Given the testimony of Dr. Kessler, the presence of nicotine in cigarettes clearly constitutes a design defect. There is no benefit to the smoker from the presence of nicotine. Yet, nicotine addicts the smoker to a disease-causing product. The risk outweighs the benefit.
A cigarette manufacturer might argue that the direct physical effect of the nicotine is a benefit that justifies its presence in cigarettes. But if delivery of nicotine were the only goal than that could be achieved without the disease-causing tobacco. Surely a product designed primarily to deliver nicotine is defective if it contains unneeded disease-causing tobacco.
The facts about nicotine may also help to diminish the comparative fault of smokers. For now it is clear that the substance that makes it so difficult to quit smoking should not be in the cigarette.

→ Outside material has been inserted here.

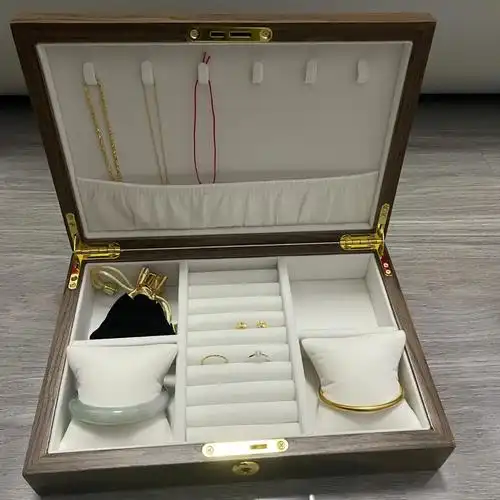 普通女孩子的首饰盒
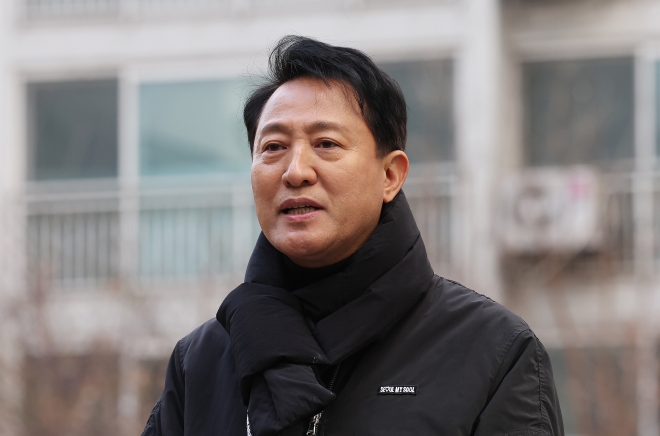 오세훈 서울시장이 8일 서울 노원구 소재 노후 아파트를 찾아 소방·방화시설 관리실태를 점검한 뒤 대책 발표를 하고 있다.   뉴스1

Cigarette manufacturers may run for cover under California Civil Code Sec. 1714.45, which was enacted in 1988. This section provides the basis for BAJI 9.00.6, which states:
The [manufacturer or seller] of a product is not liable for [injuries, death] caused by a defect in its design, which existed when the product left the possession of the [manufacturer or seller], if:
1. The product is inherently unsafe and the product is known to be unsafe by the ordinary consumer, who has the ordinary knowledge common to the community, and who consumes the product; and
2. The product is a common consumer product intended for personal consumption.
Regarding the presence of nicotine, we now have evidence that cigarettes are not "inherently unsafe" because the nicotine can be removed. Therefore, when the presence of nicotine is viewed as the "defect," Civil Code Sec. 1714.45 does not protect the manufacturer.
This is true despite the fact that Civil Code Sec. 1714.45(a)(2) lists "tobacco" as one of the products intended to be covered. The section makes clear that tobacco is only listed because it is assumed that tobacco cannot be made any safer. The section cites comment i to Section 402A of the Restatement (Second) of Torts in support of its listing of tobacco. Comment i refers to products that "cannot possibly be made entirely safe." Once again, since nicotine can be removed, cigarettes can be made safer, and therefore Sec. 402A does not apply to the presence of nicotine in cigarettes.
This analysis is further supported by Sec. 402A, which states: "Good tobacco is not unreasonably dangerous merely because the effects of smoking may be harmful; but tobacco containing something like marijuana may be unreasonably dangerous." This shows that there is no blanket protection for tobacco products in Civil Code Sec. 1714.45. When there is something in the tobacco product that can be removed, its presence can constitute a "defect" for which there is no immunity.
Dr. Kessler's testimony may lead to a governmental ban on the presence of nicotine in cigarettes.
However, hundreds of civil lawsuits may force the cigarette manufacturers to remove the nicotine without such a ban.